What was something specifically difficult during the filming? What sequence was most challenging to get right?
There were these big lights that I like to use, and nobody wanted to say no to me. So if I say I want eight 10Ks around the set. On pre-light day, I would be there, and the lights would not be there. They always promise they'll be available mañana, but they never are. I finally had to adapt to work with the equipment that I had. That was an improvement. If I'd had everything I wanted to begin with, I wouldn't have had the benefit of the adaptation.
Over your career, you've collaborated with so many and shot across genres. Do you have a filmmaker that you'd still love to work with? Who would that be?
I went to art school and then ended up being a cinematographer, a cameraman for other people's films. I've always made some of my own films. There are always new people. I'm always inspired when I see other people's work, even other cinematographers. There's a reason why people create images the way they do because of the time period. That's something that Todd Haynes is very much into. He understands that the tools you use affect the look of the final image.
On Wonderstruck he wanted to use the same apparatus of the periods ('70s and the '20s) like the dollies used to get those long tracking shots in the street and not see the track. We used something called the Western dolly that has rubber wheels. That was not the best way to do it but was the only way during that time period. I always find it interesting to go deeper into how it's done and why it's done. I studied painting, studio art and didn't like the idea that I'd be alone in a room. If someone brings me a story, I like the challenge of finding the visual language to tell that story.
Speaking of different techniques and tools that are available, there's obviously so many changes in the way films are shot. Some people still swear by film and others love the flexibility and freedom that digital brings to the table. Where do you stand?

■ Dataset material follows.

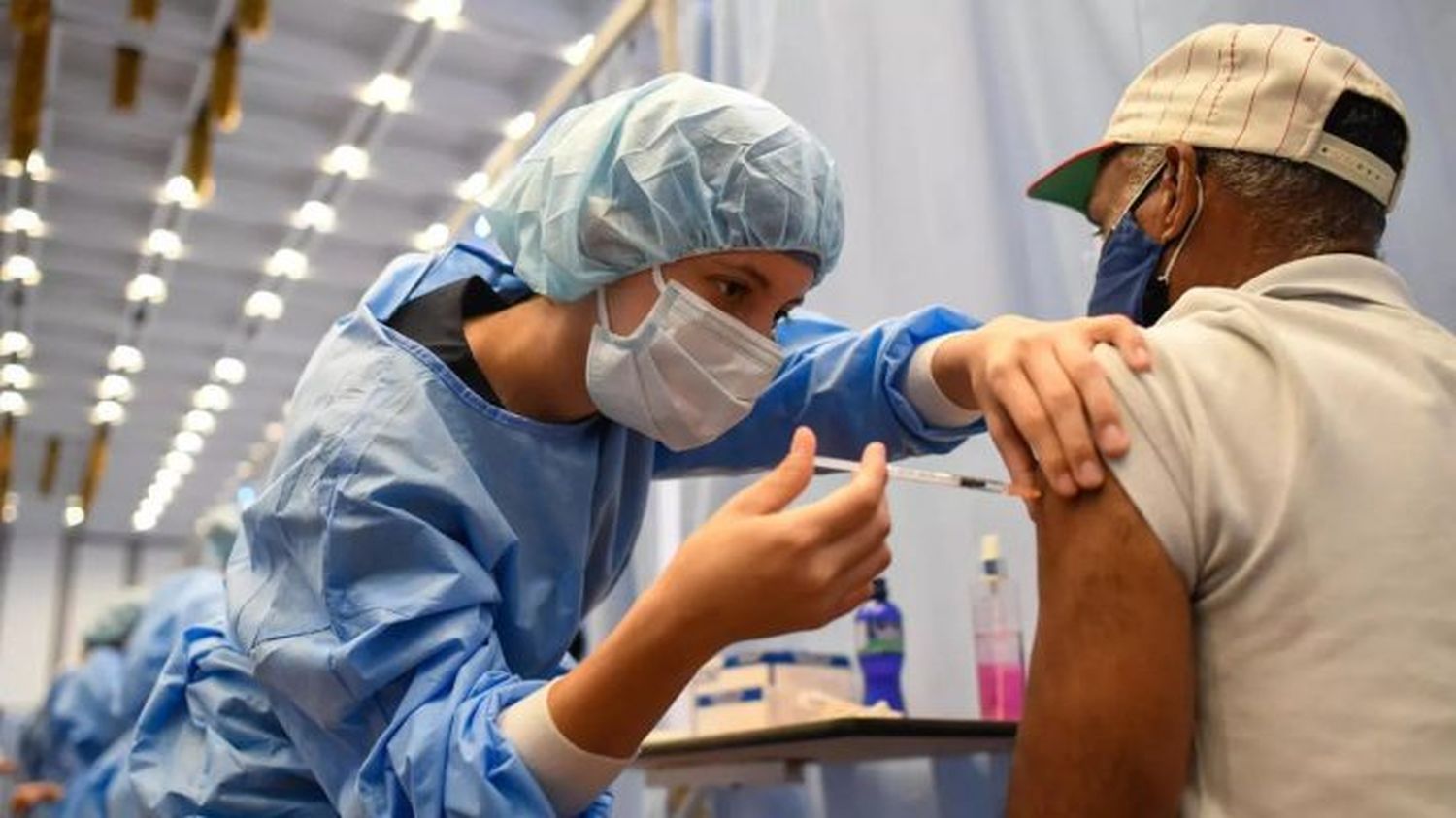 Un lote de segunda dosis de la vacuna rusa Sputnik – V llega este lunes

I used to always think it had to be a film. But the way I feel about it now, certain stories can be told in the film, some can be done digitally. The problem is, it has become more and more difficult for student films. The craft of filmmaking is being lost because during the process you need a film loader, someone who loads the film in the magazine. Younger and younger people aren't coming up in the industry learning how to load film anymore.

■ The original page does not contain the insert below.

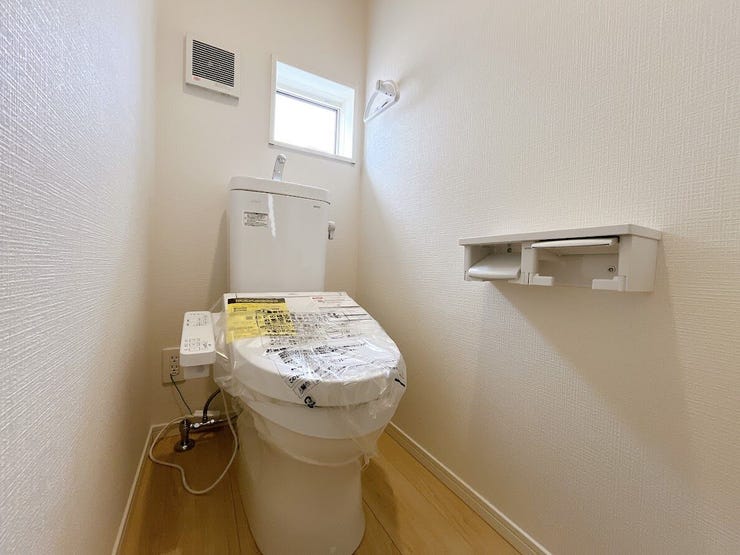 トイレにも窓があり、明るく通風良好です◎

Film labs don't have some of the equipment anymore that helps judge the treatment for the film negative. Footage gets mistreated during digital transfer. The old classic cameras don't get repaired properly because of the lack of expertise and replacement parts.
To continue shooting on film, we're going against what the industry is pushing because that's the way they make more money. They come out with faster lenses and higher-resolution cameras. But actual image makers don't necessarily want everything to look photorealistic. Sometimes it's essential for us to feel that we are actually watching a film and not being inside the storyline.